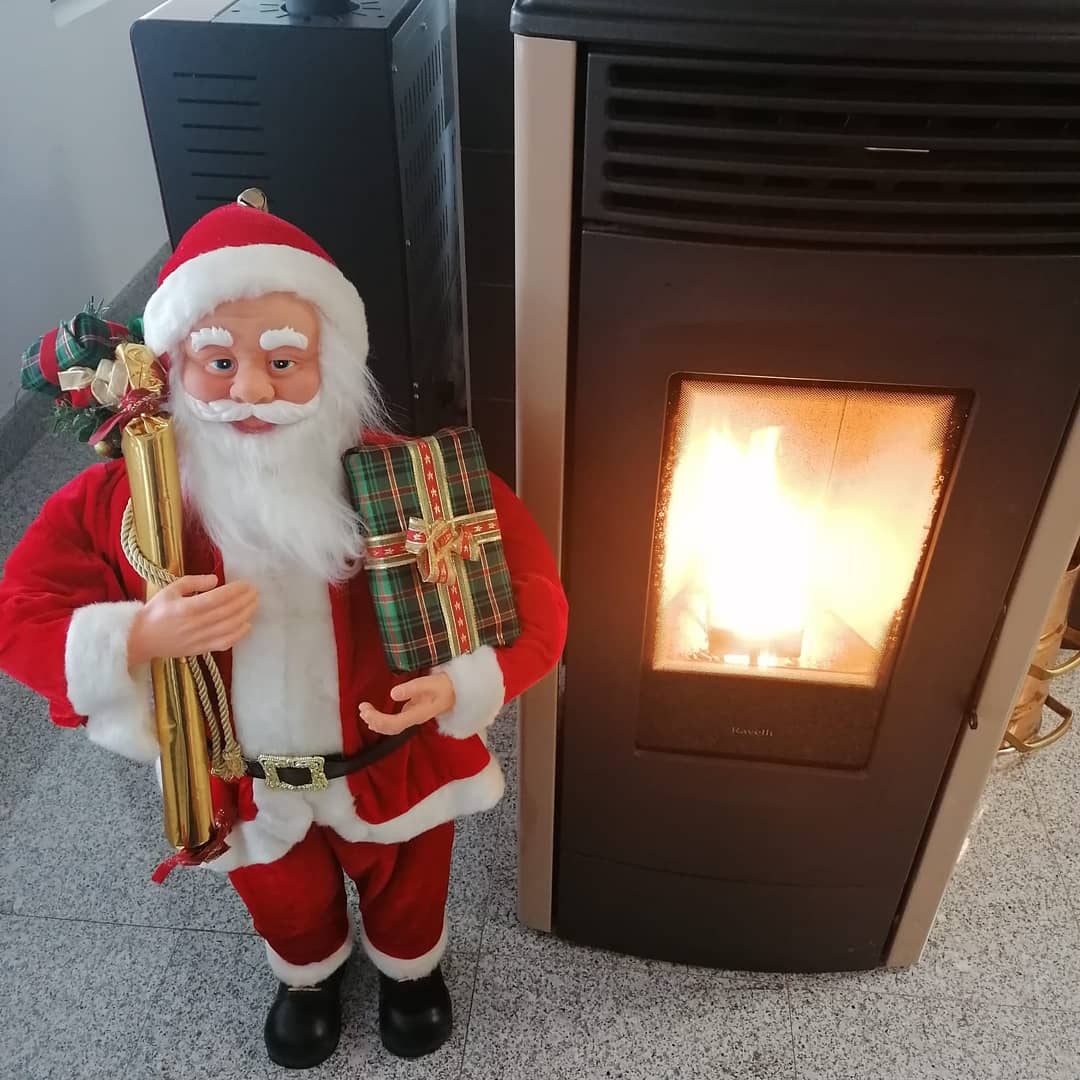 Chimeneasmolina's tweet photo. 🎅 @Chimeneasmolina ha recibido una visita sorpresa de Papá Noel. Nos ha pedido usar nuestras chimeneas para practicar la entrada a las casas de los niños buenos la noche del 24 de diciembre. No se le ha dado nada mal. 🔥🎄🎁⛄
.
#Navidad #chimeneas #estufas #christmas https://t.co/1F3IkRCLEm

########################################

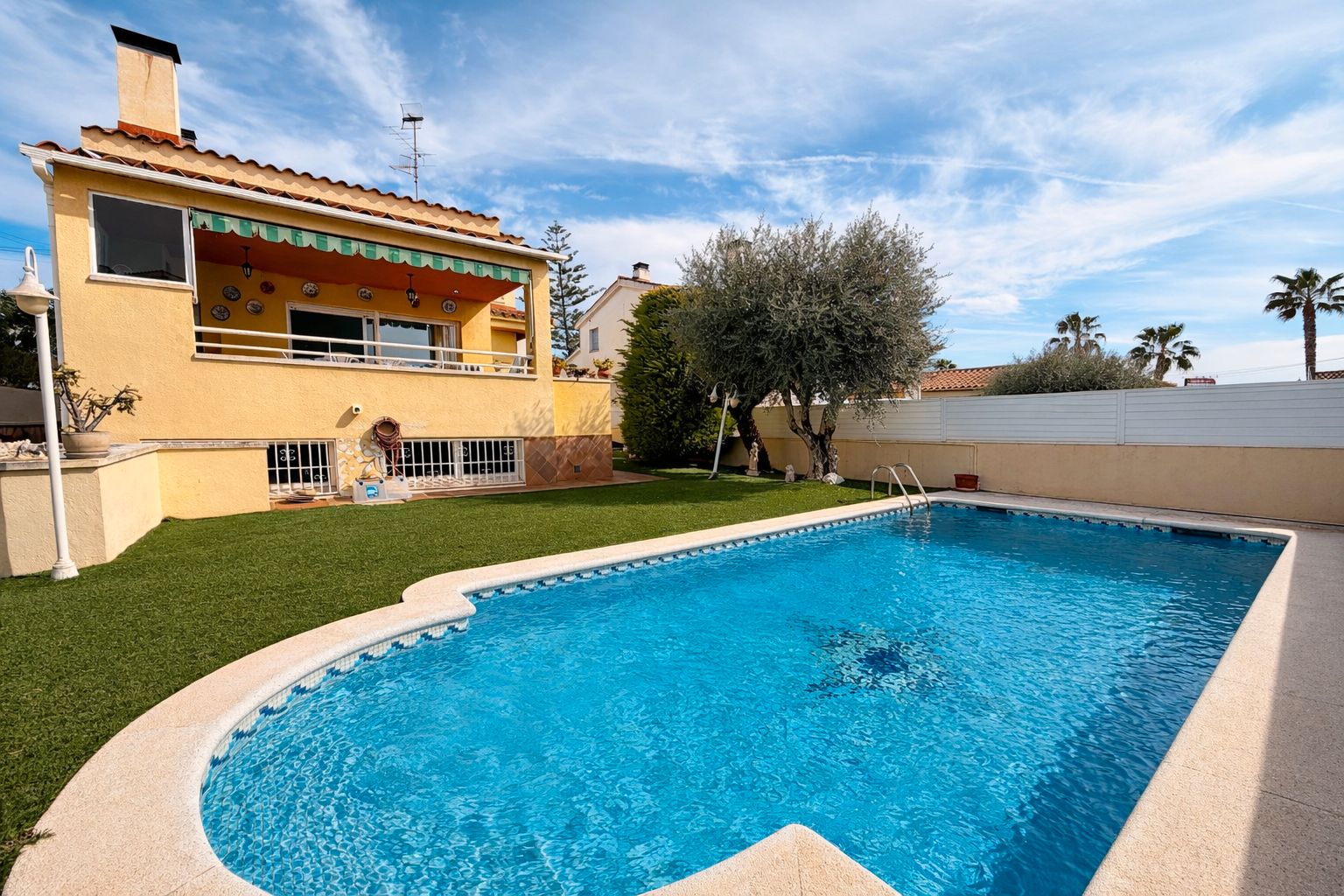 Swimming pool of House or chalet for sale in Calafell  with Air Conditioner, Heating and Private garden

########################################

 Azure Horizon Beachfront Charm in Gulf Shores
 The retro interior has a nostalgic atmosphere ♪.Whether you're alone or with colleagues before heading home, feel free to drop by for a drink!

########################################

• _Assigned task_:
Look through the listing above for the line with "Chimeneasmolina's tweet photo." and the line with "#Navidad #chimeneas #estufas". Write out exactly those lines and everything between, leaving out pictures.

• _Task output_:
 Chimeneasmolina's tweet photo. 🎅 @Chimeneasmolina ha recibido una visita sorpresa de Papá Noel. Nos ha pedido usar nuestras chimeneas para practicar la entrada a las casas de los niños buenos la noche del 24 de diciembre. No se le ha dado nada mal. 🔥🎄🎁⛄
.
#Navidad #chimeneas #estufas #christmas https://t.co/1F3IkRCLEm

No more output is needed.